Vers la fin de l'été, les oiseaux se rassemblent en groupes mixtes de jeunes
et d'adultes. Pendant une bonne partie de la journée, ils se tiennent immobiles
ou flânent à distance du rivage. Quand le grain devient mûr, ils s'envolent
vers les champs pour s'y nourrir.
Habituellement, les Colverts gagnent les champs tôt le matin et les quittent
tard le soir, mais, quand le temps est couvert ou orageux, ils peuvent effectuer
ces déplacements en tout temps durant le jour. Ce sont ces volées qui
procurent la chasse la plus excitante.
Conservation
Dans toute son aire de répartition, le Canard colvert est très prisé
des chasseurs : son vol est rapide, on peut l'attirer facilement au moyen
d'appeaux et d'appelants, et sa chair est excellente. Le poids moyen des adultes
est de 1.24 kg, et les plus gros mâles peuvent facilement atteindre 1.36 kg.
Aucun autre canard n'est autant chassé : au Canada, plus de la moitié de
tous les canards abattus sont des Colverts.

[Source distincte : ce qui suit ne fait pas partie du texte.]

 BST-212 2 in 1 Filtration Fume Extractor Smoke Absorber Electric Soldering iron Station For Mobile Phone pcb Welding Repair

Le Colvert est l'un des canards les plus résistants et les plus adaptables. Néanmoins,
la destruction régulière de ses habitats de nidification dans les Prairies,
particulièrement dans les hautes terres herbeuses, a fait que, depuis bon
nombre d'années, les populations continentales de Colverts diminuent. La sécheresse
qui a sévi dans les années 1980 et 1990 a créé des conditions défavorables
aux canards des Prairies et a facilité la mise en culture de nombreuses
anciennes terres humides qui se sont asséchées.

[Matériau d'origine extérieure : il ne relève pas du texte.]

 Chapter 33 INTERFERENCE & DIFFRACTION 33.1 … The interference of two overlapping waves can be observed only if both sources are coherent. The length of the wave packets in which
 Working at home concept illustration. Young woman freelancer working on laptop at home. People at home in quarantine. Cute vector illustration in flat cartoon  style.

Dans l'est du Canada, l'espèce est florissante. Elle y trouve d'abondants sites
de nidification dans les fermes abandonnées, les parterres de coupe à blanc et
les espaces verts des villes, ce qui l'a aidée à se propager. La prolifération
du Colvert, conjuguée au fait qu'il se croise facilement avec le Canard noir,
un proche parent, ont rendu passablement problématique la conservation des
populations de Canards noirs de l'Est.
Devant la chute des populations de Colverts des Prairies et d'autres canards,
comme le Canard pilet, observée depuis bon nombre d'années, on a décidé de
mettre en oeuvre à l'échelle du continent un programme de conservation de la
sauvagine et d'autres espèces des terres humides. Le Plan nord-américain de
gestion de la sauvagine (PNAGS), signé en 1986, poursuit des objectifs bien précis
de gestion des habitats du Colvert, tant dans ses habitats de nidification des
Prairies que dans ses couloirs migratoires et ses aires d'hivernage, pour en rétablir
les populations. Le Canada, les États-Unis et, depuis peu, le Mexique
participent au PNAGS. Le Plan conjoint Habitat des Prairies, l'un des volets de
ce plan, vise à restaurer plus de 1,4 million d'hectares renfermant des
habitats de première qualité pour la reproduction du Colvert au Manitoba, en
Saskatchewan, et en Alberta. On peut obtenir de plus amples renseignements sur
le PNAGS en s'adressant à la Direction de la mise en oeuvre du PNAGS à
l'adresse mentionnée ci-contre pour le Service canadien de la faune.
Le Colvert est l'un des rares canards qui se nourrit régulièrement de céréales.
Il est particulièrement friand d'orge et de blé. De nos jours, comme la plus
grande partie des céréales est récoltée au moyen de moissonneuses-batteuses,
les canards ne peuvent constituer une nuisance pour les agriculteurs que lorsque
le mauvais temps oblige ces derniers à laisser leurs céréales en andains.
De tout temps, les humains se sont nourris des oeufs et de la chair du Canard
colvert. Il existe aussi depuis longtemps une variété domestique de cet
oiseau, lequel est aussi à l'origine de nombreuses autres races de canards
domestiques, dont le plumage brillant trahit la descendance.
Le Colvert n'est pas seulement utile : ce magnifique oiseau fait aussi la joie
de nombreux amateurs de plein air. L'ornithologue amateur connaît peu de
spectacles aussi fascinants que celui des Colverts qui, les pattes tendues,
cherchent à se poser au printemps sur les premières eaux libres.